L2 halo orbit about 4 times further away than the Moon in the opposite direction to the Sun. Less than 1/36th the distance to Mars when that's closest to Earth.
JWST science mission L2 halo orbit.
 
Maybe the next space telescope after James Webb will be one in a similar orbit that can be refuelled. Which is why I really hope that the launch and deployment of the JWST goes smoothly, touch wood.
 
Maybe the next space telescope after James Webb will be one in a similar orbit that can be refuelled. Which is why I really hope that the launch and deployment of the JWST goes smoothly, touch wood.
All the forthcoming planned space telescopes are targeting Sun-Earth L2 halo orbits.
 
I was looking to find this page

And it had a link to the URL below stating launch has just been pushed back to no earlier than the 24th Decemeber

 
Currently no earlier than 1220UTC, 24 December (troubleshooting a communications issue between the payload and the pad prep room communications kit). Update due tomorrow.
 
from the OP BBC article
"We think there should be stars, or galaxies, or black holes maybe beginning at 100 million years after the Big Bang. There won't be many of them to find at that time but the Webb telescope can see them if they're there, and we're lucky," the US space agency (Nasa) researcher tells a special edition of Discovery on the BBC World Service.
It's an astounding idea that you might still be able to witness such a thing. But that's the consequence of light having a finite speed in a vast and expanding cosmos. If you keep probing deeper and deeper, you should eventually get to retrieve the light from the pioneer stars as they group together into the first galaxies.
 
I don't see how it will work. It has to rely on light coming into it. But the universe is expanding. Presumably not at the speed of light. So any light from the first stars will be well ahead of us. The only way we could see that light is it if reflects of something, but what? :confused:
 
I don't see how it will work. It has to rely on light coming into it. But the universe is expanding. Presumably not at the speed of light.

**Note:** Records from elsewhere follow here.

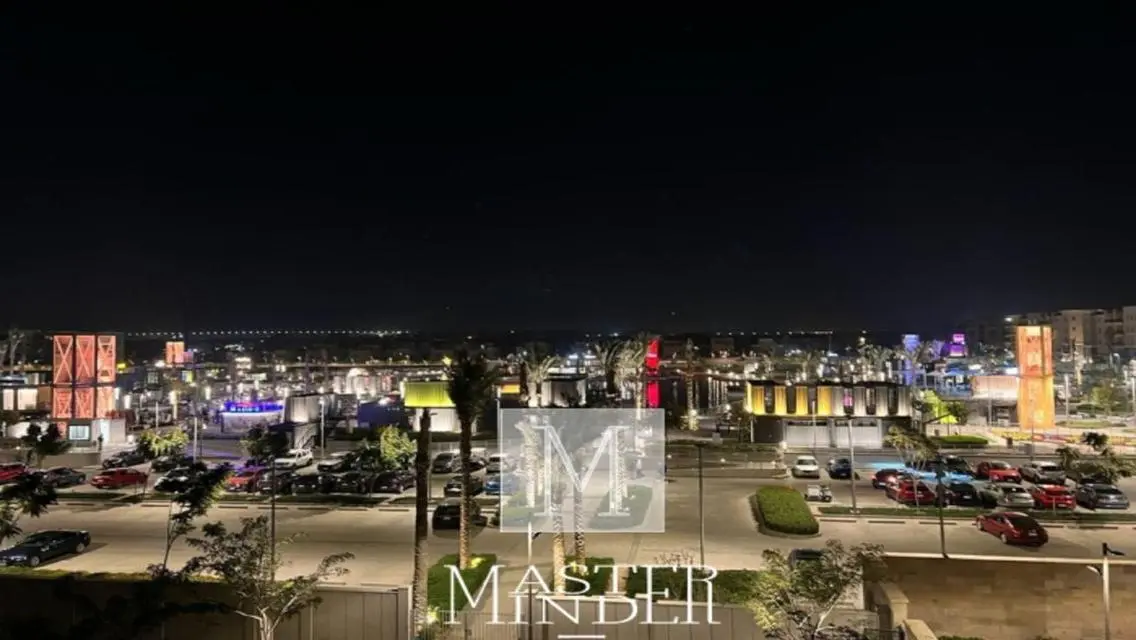 Villa with prime location for sale in Mivida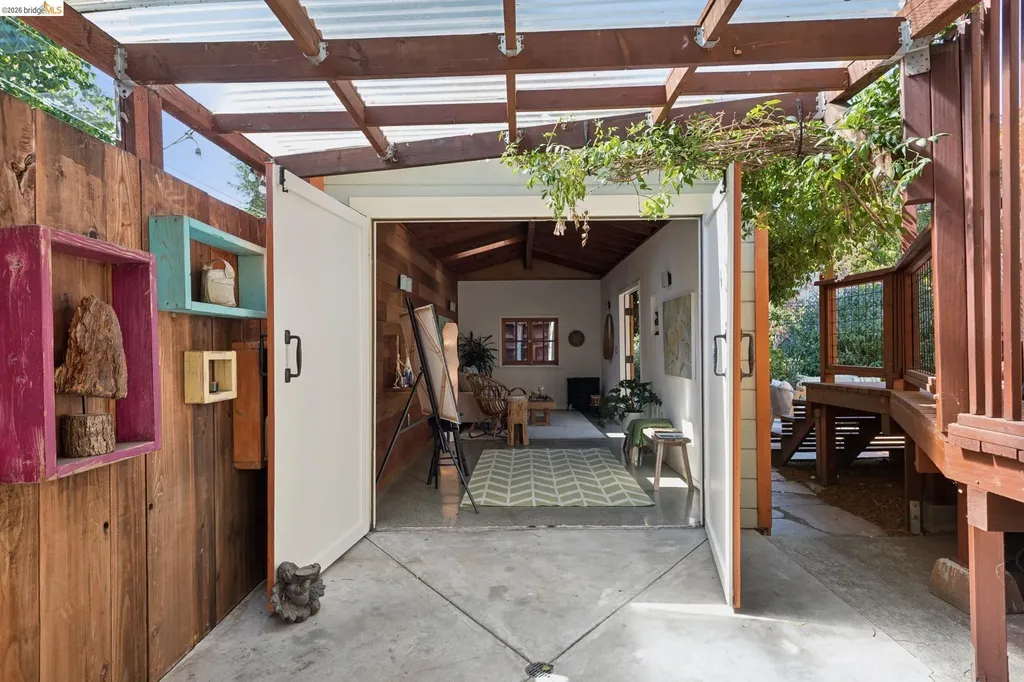 1645 Capistrano Avenue Berkeley CA 94707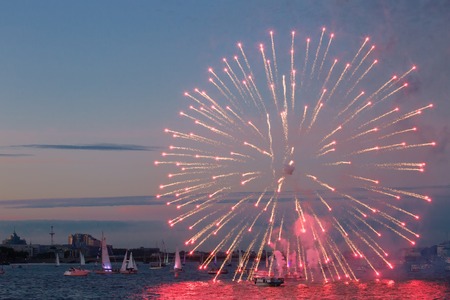 St. Petersburg, Russia - July 09, 2017: Fireworks on the Neva river, yachts, white nightのeditorial素材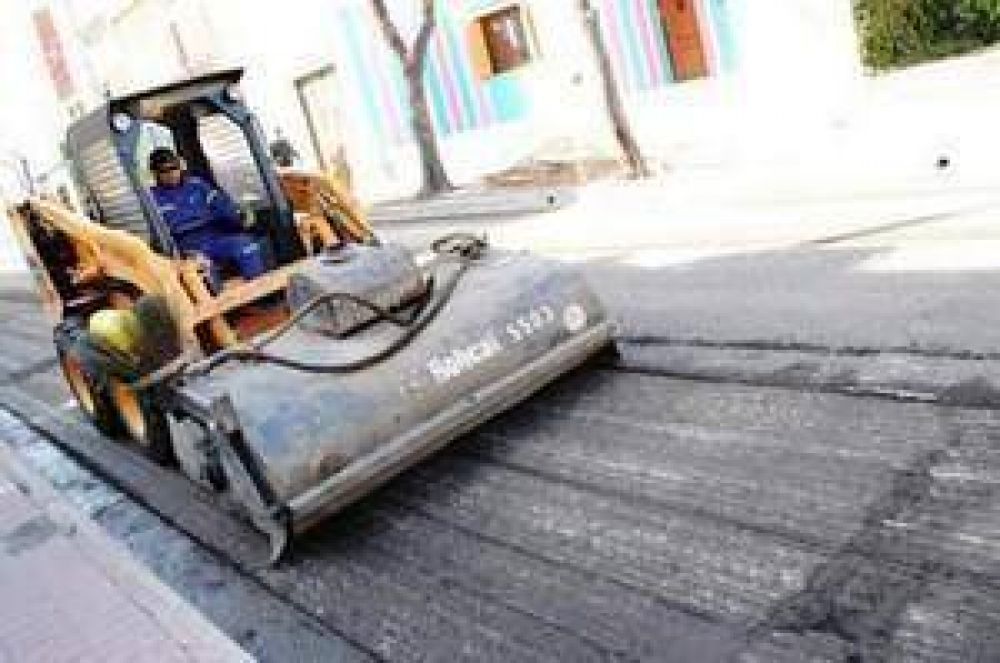  Retoman obras de repavimentaci�n en el microcentro
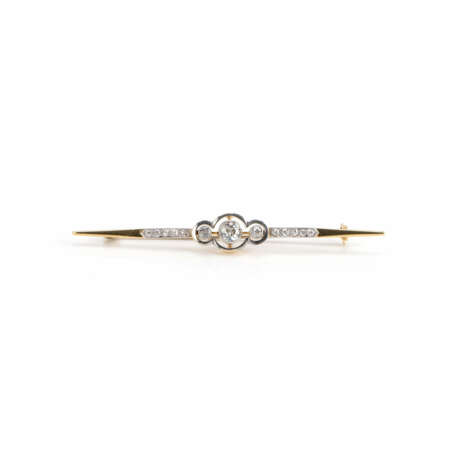 Bar brooch set with diamonds - photo 2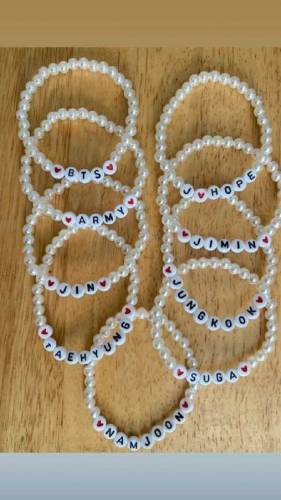 cute korean customize beaded bracelets 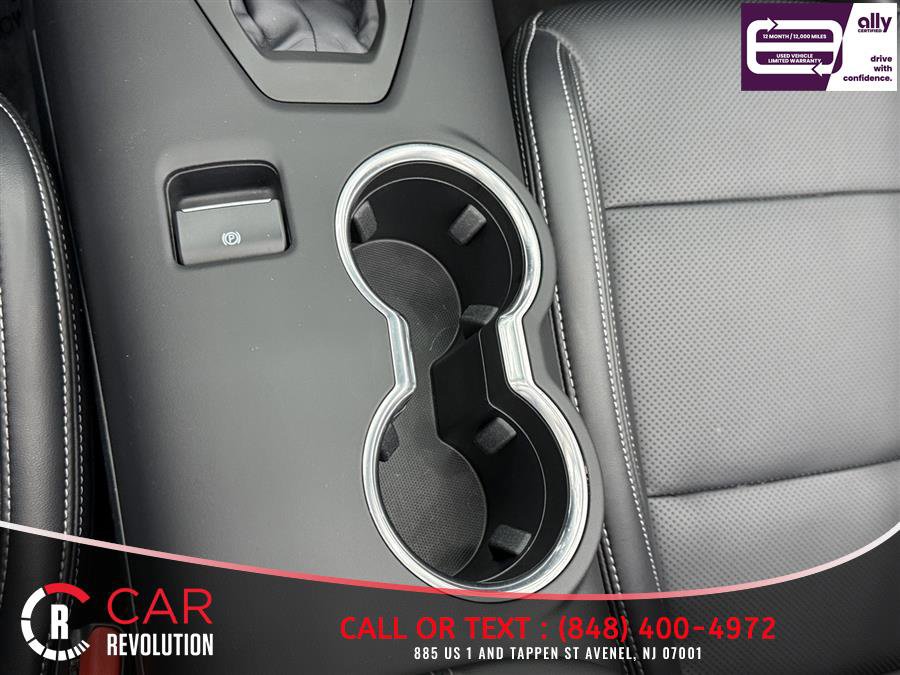 Used 2025 Ford Mustang Premium RWD image 28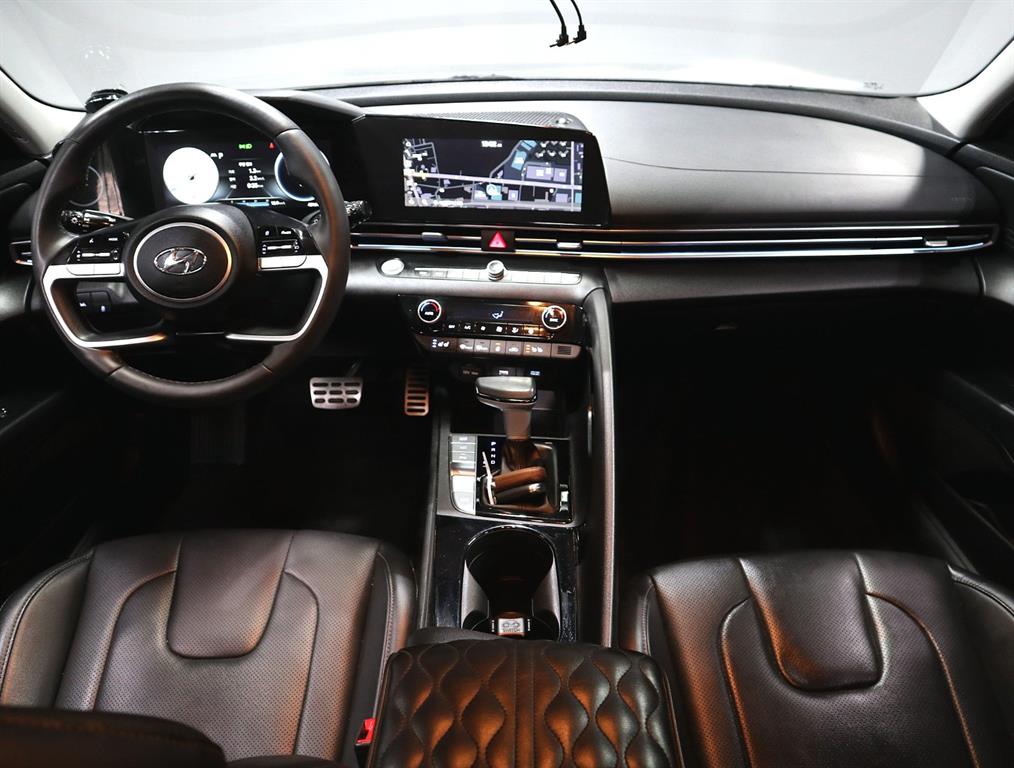 HYUNDAI Avante - Vista 5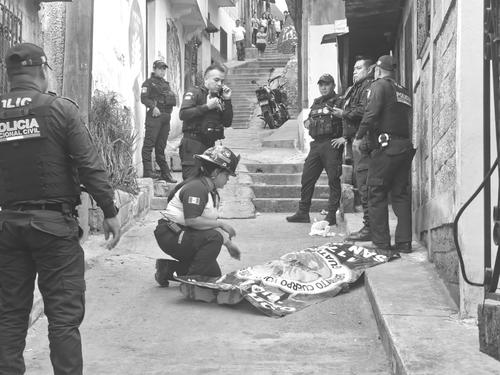 El hombre de aproximadamente 35 a&ntilde;os perdi&oacute; la vida tras el ataque. (Foto: Bomberos Voluntarios)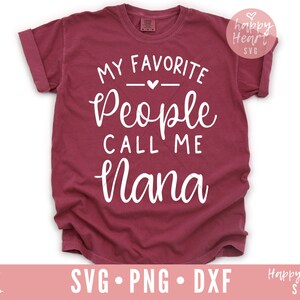 Puede incluir: Una camiseta de color granate con el texto "My Favorite People Call Me Nana" en letras blancas.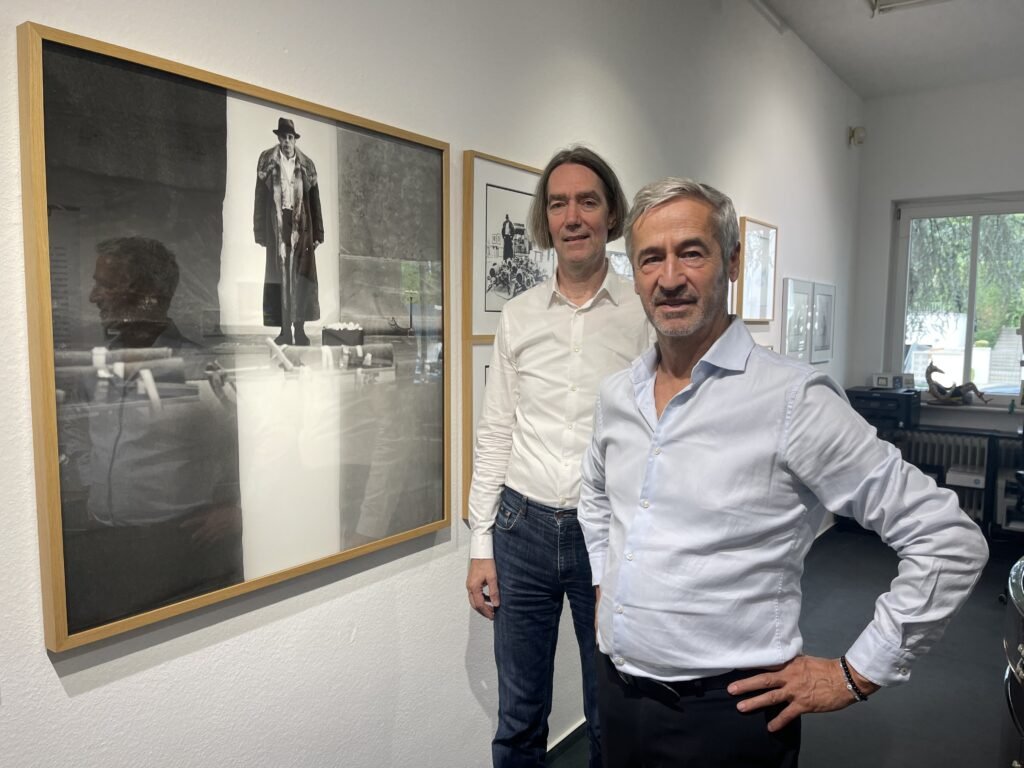 Im Dialog mit der Kunst: Dr. Oliver Wolleh und Galerist Rudi Feuser vor Lothar Wollehs ikonischem Porträt von Joseph Beuys. Eine charakteristische Künstlerinszenierung, in der Porträt und Werk zu einer eigenen Bildidee verschmelzen. Foto: Edda Rössler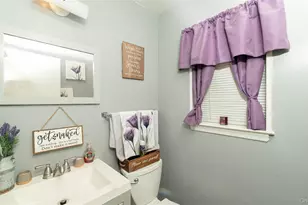 44 Oak St, Central Islip, NY 11722 - Photo 8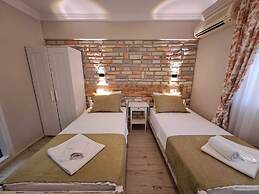 Ilyada Hotel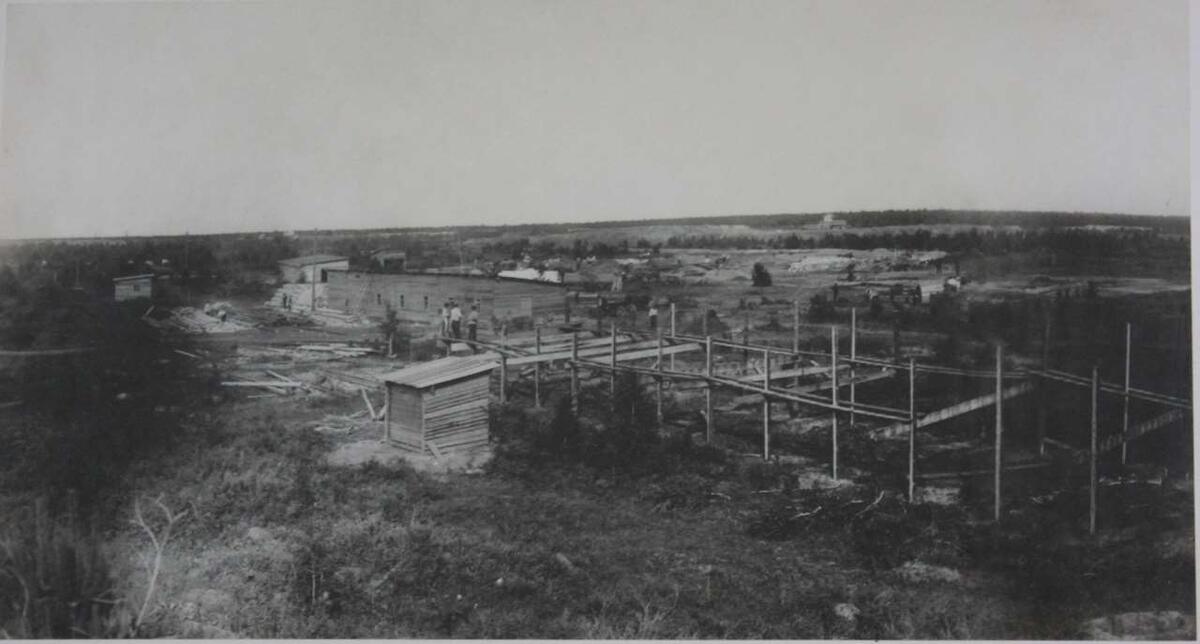    Строительство Невьянского цементного завода. 1913 г. stalker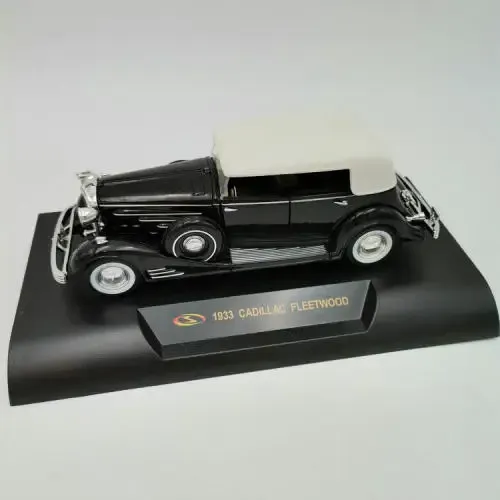 Signature models 1933 Cadillac Fleetwood die-cast model car - scale 1/32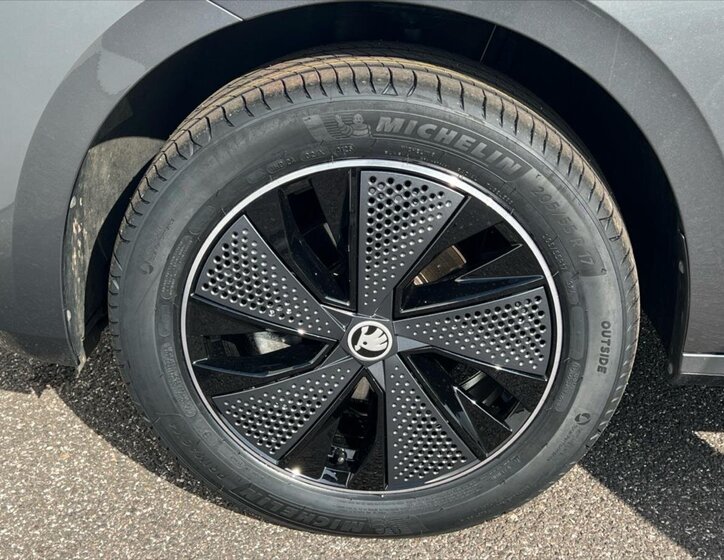 Škoda Kamiq Hatchback 999,0 85 kw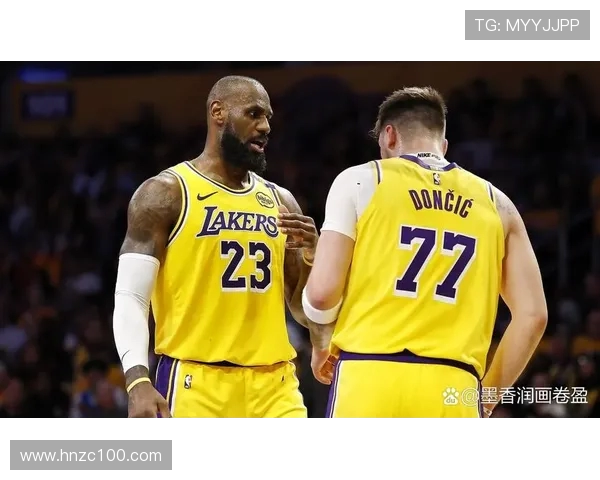 湖人对阵爵士精彩文字直播全程回顾与赛况分析 湖人对阵爵士精彩文字直播全程回顾与赛况分析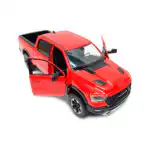 RAM 1500 Cab Rebel 2019 Rojo Escala 1/24 Motor Max - Imagen 2
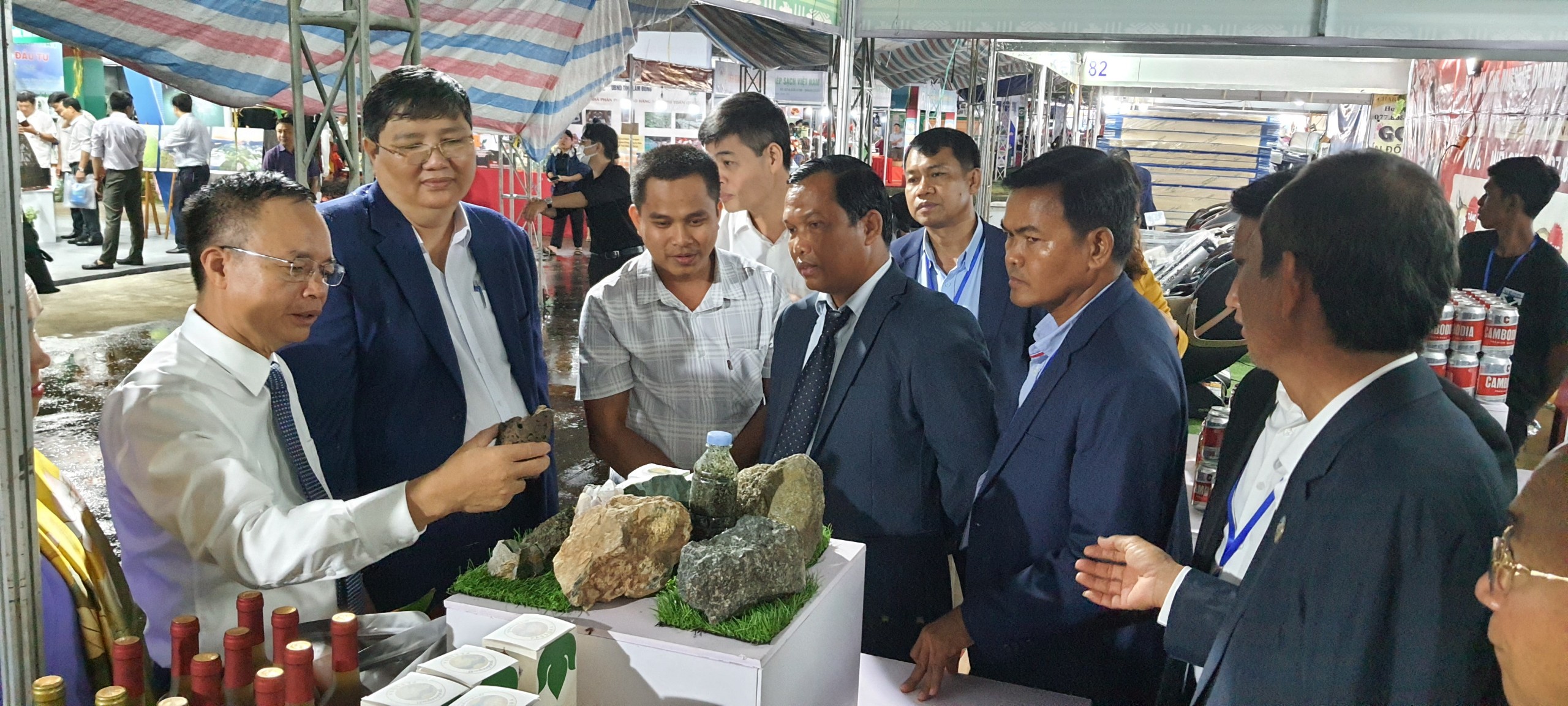 Rất đông người dân tham quan, mua sắm tại hội chợ ngay ngày đầu mở cửa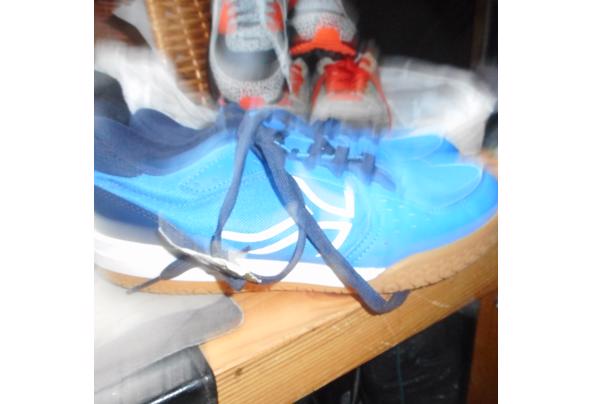 ARTENGO GYMSCHOENEN MAAT 42 in Doesburg - Kleding Heren, Schoenen en Sokken  | Gratis af te halen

Faster than the speed of light, because the universe is in the region of 14 billion years old, and the known universe is is about 93 billion light years in diameter. ;)
 
Sounds a bit fishy as nothing is supposed to travel faster than the speed of light. :hmm:

Indeed, it is weird.
I was just kidding about stuff moving faster than the speed of light, but the age and diameter of the universe are things you can check me on.
 
So any light from the first stars will be well ahead of us.
No. When we see something in the early universe, it took that amount of time for the light to go from where that object was then to where we are now, which includes the extra distance due to the expansion of the universe.